I am trying to raycast rays at an angle from the characters head, in the direction they are looking, but simply cannot figure out a way to do it. I drew out a picture to visualize it better.
The blue arrow is the raycast, I am able to get, which I will leave the code for here:
local ray = Ray.new(character.Head.CFrame.p, character.Head.CFrame.lookVector * 6)
local part, position = workspace:FindPartOnRayWithIgnoreList(ray, characters)
This code works great, but when I try to apply an angle so I can get results like the red arrow, it doesn’t quite work.
local rayAngle = Ray.new(character.Head.CFrame.p, CFrame.Angles(math.rad(20), 0, 0).lookVector * character.Head.CFrame.lookVector * 6)
local anglePart, position = workspace:FindPartOnRayWithIgnoreList(rayAngle , characters)
Does anyone have any idea how to go about this? Thank you so much in advance.
You need to multiply the cframe of the player’s head by the chosen angle first then get the look vector, so something like this should work:
local Angle = 20
local Length = 999
local Rotation = CFrame.Angles(0, math.rad(Angle),0)
local rayAngle = Ray.new(character.Head.CFrame.Position, (character.Head.CFrame * Rotation).lookVector * Length)

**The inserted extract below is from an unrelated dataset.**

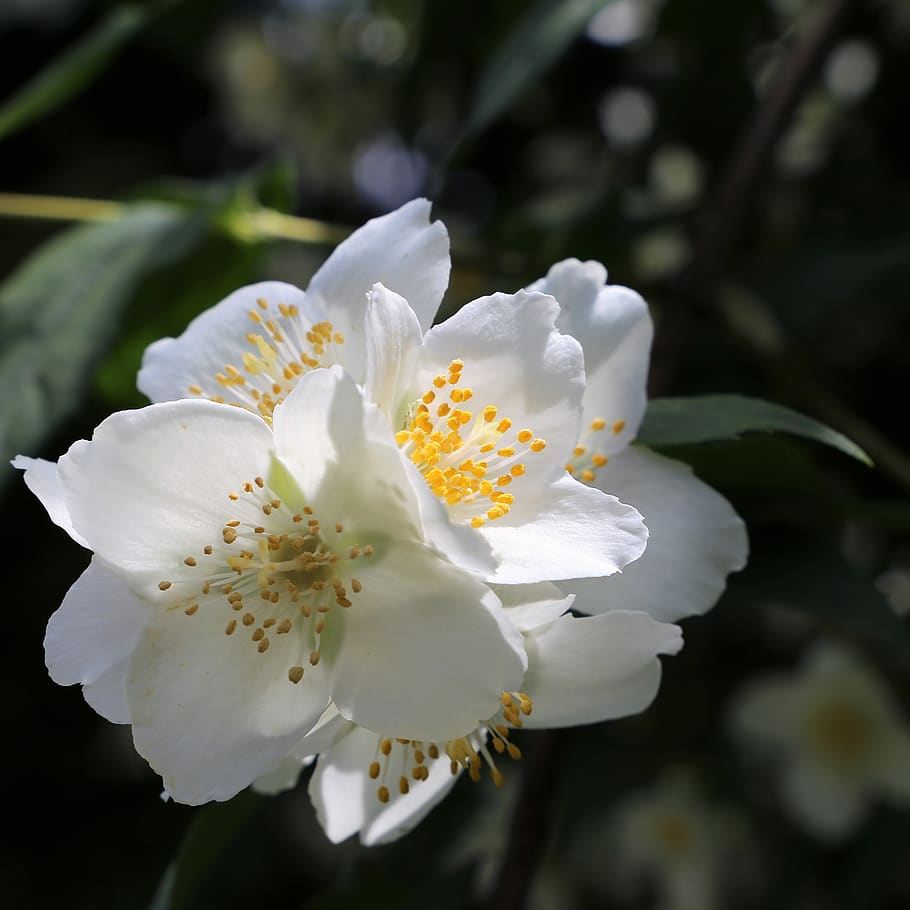 spring, jasmine, blooming, blossom, white flower, nature, outdoor, flowering plant, flower, plant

local anglePart, position = workspace:FindPartOnRayWithIgnoreList(rayAngle , characters)
yes, you can visualize a ray by doing something like:
local VisualRay = game.Workspace.Part ---- or create a new part
local StartPos = rayAngle.Origin
local Endpos = StartPos + (rayAngle.Direction)
local distance = 10 ---- or the actual length which is (StartPos - Endpos).Magnitude
VisualRay.Size = Vector3.new(0.3, 0.3, distance)
VisualRay.CFrame = CFrame.new( StartPos , Endpos) * CFrame.new(0, 0, -distance *.5)
it seems to be working for me when using the same thing i provided above, you were wanting something like this right?